Interestingly, Lae'zel opposes this course enough to interrupt the cut scene pleading with Astarion not to do it, and after she seems genuinely sad that he succumbed to desire for personal power (which she contrasts with power for the collective). Minthara, predictably, supports Astsrion's ascension, although she has nothing to say afterwards. After killing him with the Gur, she's frustrated we offed a powerful ally. Lae'zel continues to be disappointed, but seems to believe we had to do it. From a monster-hunter perspective, we aced the day by ending with zero vampires.
I heard murmurs online that ascendant Astarion is just as bad if not worse than Cazador and even the brief glimpse I got of him does resonate with that. Makes me wonder who Cazador was before Vellioth got to him. Someday I'll do a Durge playthrough and let Astarion live out his ascendant vampire dreams.
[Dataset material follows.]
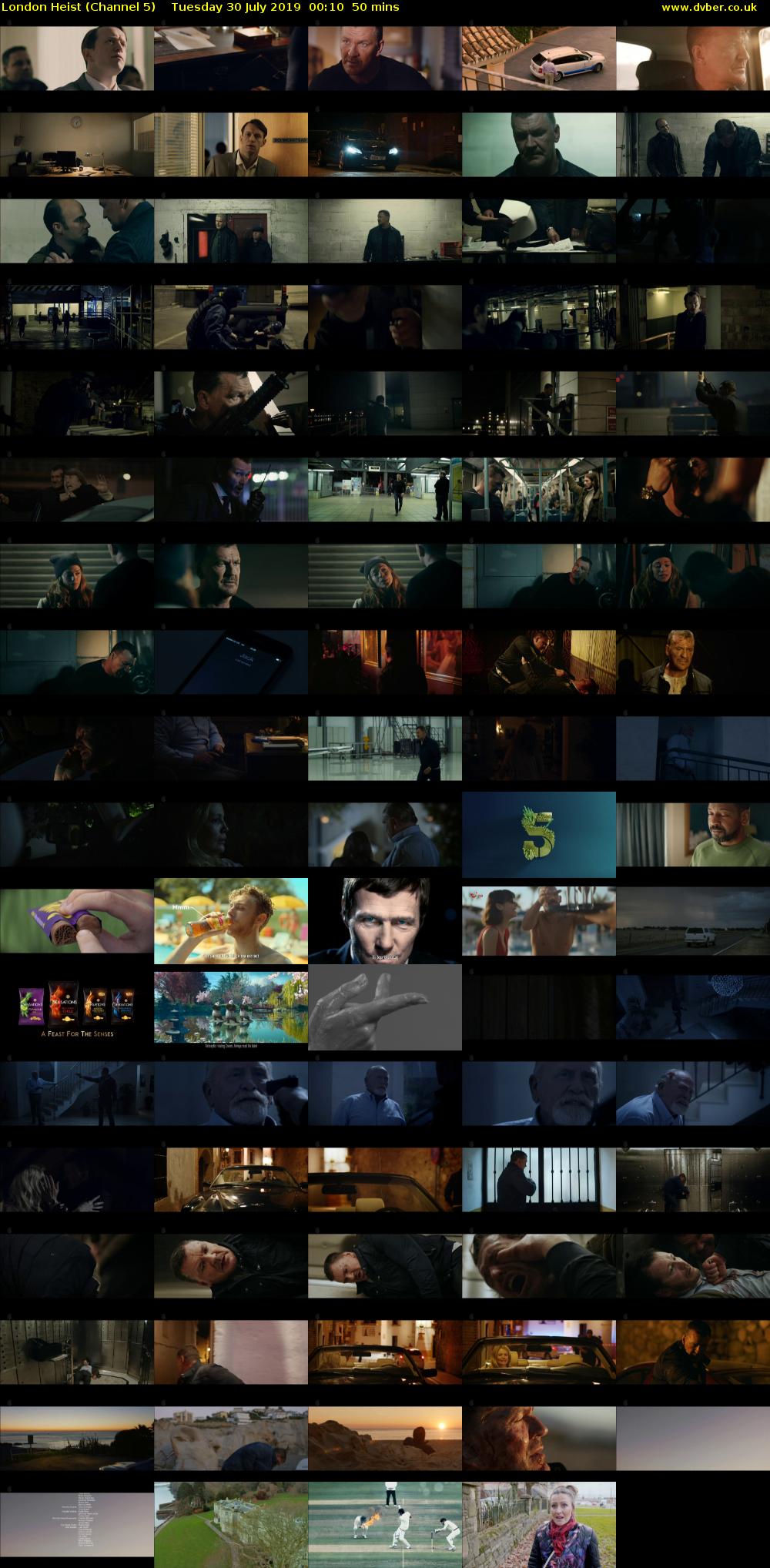 London Heist (Channel 5) Tuesday 30 July 2019 00:10 - 01:00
Astarion was inspired by our betrayal.
Tavarezzyn
May. 4th, 2025 05:28 pmEncouraging Shadowheart to defy Shar as a githyanki Tav who defied Vlaakith feels particularly powerful. Shadowheart insists this is her duty, her life's purpose to follow Shar's orders, and Tavarezzyn is like "Like it was my purpose, Lae'zel's purpose, to follow Vlaakith?"
Initially when I started this run I expected Tavarezzyn to support or at least not oppose Shadowheart's goal of becoming a justiciar, just because Tav was so focused on her own goal she wasn't overly concerned with everyone else's, and because morally she's less opposed to the idea of killing than other companions and Tavs, but her experience with her own god-queen radically altered her views on Shadowheart being effectively bound to Shar's will without the chance to really consider what that means. She sees in Shadowheart herself and Lae'zel, giving their loyalty, even their lives, to a ruler who could not care less about them except as they serve her purpose, and she can't support putting Shadowheart in that position.
Tavarezzyn
May. 1st, 2025 10:12 amTavarezzyn begins Act II with more stable footing in Faerun, in no small part because she's now spent several weeks traveling with locals. Furthermore, as Lae'zel initially derisively points out, she's starting to get into playing the hero. Their successful defeat of the goblins and rescue of the tiefling refugees netted them a fair deal of praise, and this is the first time for Tav that people have ever been glad to see her, as opposed to groaning and cursing and asking if she can be reassigned somewhere else. It's never before been the case that people looked to her for anything or trusted her to solve a problem and if she's honest yes, she is getting into it, enough that she's willing to cooperate with Jaheira and the Harpers even if it doesn't totally serve her own goal of destroying her parasite.
However, it's also a little terrifying to have people whose opinions of her are not baseline in the dirt, because they can actually be let down.
Tavarezzyn
Apr. 27th, 2025 12:59 pmTavarezzyn's personal journey starts with running away from her platoon. This began as an incredibly half-hearted attempt at suicide, which was over without any real effort when she realized she didn't want to die, just to not be constantly surrounded by people who thought she was worthless. So she high-tails it to Faerun, essentially at random.
She spends a few weeks in Baldur's Gate utterly wracked with guilt, eventually deciding she must return, and it's on this trip to rejoin the other githyanki that she's picked up by the nautiloid. Nevertheless, those few weeks in Faerun is the first time she's ever really experienced foreign cultures. Certainly she offended a couple hundred people in her brief time there, but she was also exposed to ideas and perspectives shed never considered before, and those things are percolating in her mind even before the nautiloid.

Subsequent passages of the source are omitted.